Volume declines to $271 million; stock, autocallable deals preferred

By Emma Trincal

New York, Oct. 27 - Agents sold $271 million last week in 45 deals in a week dominated by stock deals and autocallable structures.

Issuance in the week ended Friday declined from the week before both in volume - $450 million of non-exchange-traded notes priced during the prior week - and in number of deals - 88 deals versus 45, according to data compiled by Prospect News.

Unlike the week before, which saw six ETNs sold for a total of $1.65 billion total, the ETN supply was negligible last week with only $18 million sold in eight small deals.

Deals in the $10 million to $50 million category dominated last week with 10 offerings priced in this category.

Calm waters

As volatility was flat, investors looked for yield in single-stock deals rather than equity index-linked offerings.

Stock-linked notes saw their share as a percentage of total issuance increase to 42.5% from 8% week over week.

"It's a calm market. People are looking for volatility in stock deals," a New York sellsider said.

"They want some juice tapping into stocks that have been hit."

This sellsider said that the overall market has turned more bullish since September. The S&P 500 index has moved up by almost 9% since Sept. 1 but was flat last week.

"It's not as if you had a rally with stocks up 30%. Ain't the emerging markets.

"People feel better after the decent earnings. The global economy is not in a recession. But there's nothing to be cheerful about."

Reflecting investors' skepticism, equity index-linked notes lost their appeal, this sellsider said.

Their share dropped in absolute terms to $30 million from $323 million, according to data compiled by Prospect News.

Stocks first

"Investors have an incentive to do some stock-picking because the indexes are flat," the sellsider said.

"Volatility is very low, and that's a huge variable to build those structures," said Eric Greschner, portfolio manager at Regatta Research & Money Management.

"The implied volatility of indexes tends to be lower for obvious reasons. Investors have to go to individual stocks to get attractive coupons," he added.

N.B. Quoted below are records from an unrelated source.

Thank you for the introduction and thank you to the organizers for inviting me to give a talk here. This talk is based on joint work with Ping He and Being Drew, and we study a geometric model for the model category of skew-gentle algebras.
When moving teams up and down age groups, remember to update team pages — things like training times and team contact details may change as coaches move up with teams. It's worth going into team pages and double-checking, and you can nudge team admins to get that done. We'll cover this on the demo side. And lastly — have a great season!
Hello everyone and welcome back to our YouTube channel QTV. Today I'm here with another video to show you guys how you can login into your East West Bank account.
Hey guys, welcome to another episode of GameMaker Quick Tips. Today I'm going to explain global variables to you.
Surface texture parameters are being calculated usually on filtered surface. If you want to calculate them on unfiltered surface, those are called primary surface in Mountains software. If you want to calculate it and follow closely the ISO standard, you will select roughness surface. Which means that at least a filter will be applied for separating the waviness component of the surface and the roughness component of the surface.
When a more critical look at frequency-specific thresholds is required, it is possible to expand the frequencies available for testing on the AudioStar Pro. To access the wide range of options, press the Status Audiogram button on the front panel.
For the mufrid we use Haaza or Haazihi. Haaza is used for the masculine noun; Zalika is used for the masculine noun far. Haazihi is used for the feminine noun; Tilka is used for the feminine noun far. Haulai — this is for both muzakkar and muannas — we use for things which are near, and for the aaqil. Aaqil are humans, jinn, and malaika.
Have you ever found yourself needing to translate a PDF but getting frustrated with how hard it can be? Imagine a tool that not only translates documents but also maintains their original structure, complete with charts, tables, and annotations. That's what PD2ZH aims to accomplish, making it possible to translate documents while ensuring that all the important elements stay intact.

Autocallables led as the top structure with $50 million sold in two deals, which represented 18.5% of the total volume, according to data compiled by Prospect News.

UBS was the leader in this category, selling the two products, one on the behalf of Deutsche Bank AG, London Branch and the other for itself.

The $27.21 million autocallable notes issued by Deutsche Bank offered on a one-year term a 21.39% call premium for a 70% trigger price. It was the top deal of the week, and the underlying stock was Anadarko Petroleum Corp.

UBS AG, London Branch priced a $23 million offering of autocallable securities linked to Apple Inc. with an annualized call premium of 16.5% and a trigger price of 80% of the initial price. It was the fourth-largest offering of the week.

The picture for reverse convertible was more of a mixed bag. The structure was the second most employed during the week with $44 million sold in 15 deals, but the volume plummeted compared to the $114 million sold the week before.

In market share, reverse convertibles held a good position with nearly 17% of the market.

Commodities exposure

Commodities amounted to 10% of the total, or $29 million, with one major deal prevailing in this asset class: Morgan Stanley's $18.88 million of 0% Commodity Leading Stockmarket Return Securities due Oct. 26, 2012 linked to the price of gold.

Additionally, investors looked for commodity exposure through stock plays. The top deal of the week - Deutsche Bank's $27.21 million autocallables linked to Anadarko Petroleum - is an example. While not classified as commodities-linked notes per se, those deals, which give investors access to commodities via a stock, suggest an unabated appetite for the asset class.

However, investors concentrated their picks on narrow themes, the sellsider noted.

"What's getting done in commodities right now is gold and oil," the sellsider said. "There's no agriculture, no other precious metals. No copper."

Deals linked to interest rates grew as a percentage of issuance compared to last week, but their volume remained stable at $25 million in one deal versus $24 million in also one offering during the prior week, according to data compiled by Prospect News.

The $25 million deal, ranked No. 3 in size, was brought to market by Freddie Mac. The variable-rate medium-term notes due Oct. 21, 2025 were based on six-month Libor.

Hybrid range accrual

Issuers' tendency to use the range accrual structure mixing rates and equity continued to be noticeable, confirming the recent appeal of those hybrid products among investors.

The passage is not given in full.